I’m not quite an ambulance chaser, but I’ve written posts purely for the traffic they would generate. Notice the ten posts about gift suggestions I finished writing in time for Christmas? Yeah, I’m a hit-whore.
I forget about the reader.
Sometimes I write to stroke my own ego, instead of writing for someone else to read it. People are busy, how do I reward their investment of time?
I spent too much time reading RSS feeds.
When I first started writing I found it much easier to bang out a high quality posts in a short period of time because I didn’t procrastinate nearly as much reading RSS feeds. Now if I have 30 minutes free I’ll usually read some feeds instead of work on a larger post. It’s good because by commenting I make connections, but it’s bad because I’m not writing.
I underestimate the amount of time it takes to blog.
Blogging is a 10 to 50 hour a week commitment when you include reading and commenting on other blogs. Blogging takes away from other aspects of your life. Are you prepared to make that kind of commitment? Is anyone?

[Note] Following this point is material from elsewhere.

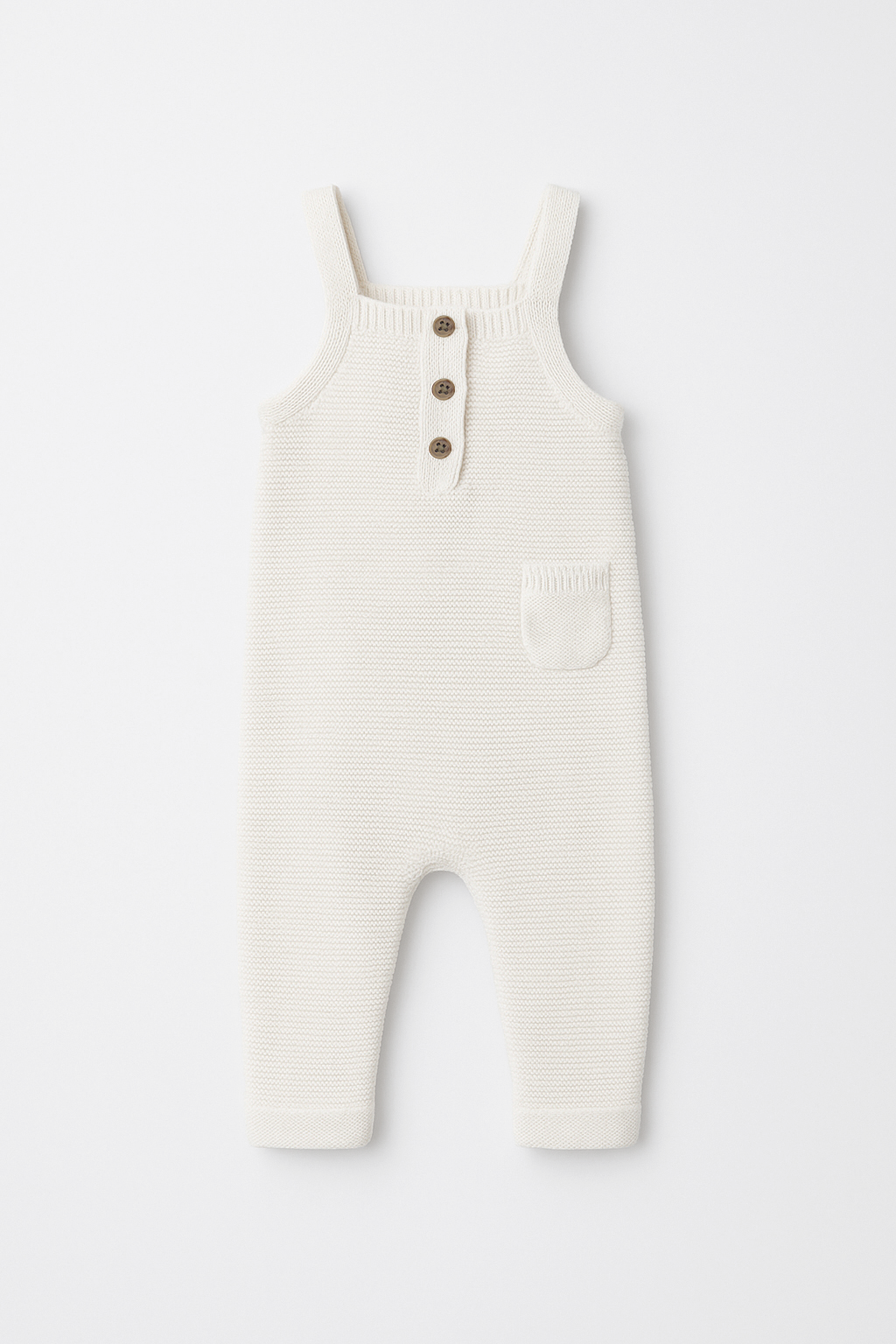 White ribbed knit overalls with button details on a light gray background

(photo by mrtruffle — his award, not mine)
Some Things I Did Do Right
- Always using informative headlines.
- Writing with SEO in mind.
- Using mixed media by incorporating images and video.
- Breaking up text into paragraphs, headings and bullets.
- Honing my skills at writing viral/linkbait content.
- Harnessing social bookmarking.
- Linking back to older posts.
I’ll finish this with this great quote from Kathy Sierra to put things in perspective:
I see lots of comments about things we–the bloggers–should do, but not much talk about the readers. Since they’re the only ones that decide if we have traffic or not, I think respecting their intelligence and time and attention is the most important thing. They have millions of places to put their focus, and it is always a great gift when they give a little to us. I spend a lot of time trying to think of ways I can help my readers kick ass, and as little time as possible trying to think of ways that *I* can kick ass (or worse, trying to convince my READERS that I kick ass).
If people visit my blog, I owe them something in return, and I try not to forget that. That focus keeps me from talking too much about myself and MY life–pretty much the two least interesting things I could discuss. : )
This was written as part of Problogger’s group writing project on looking back or looking forward. This is my second time joining one of his group writing projects.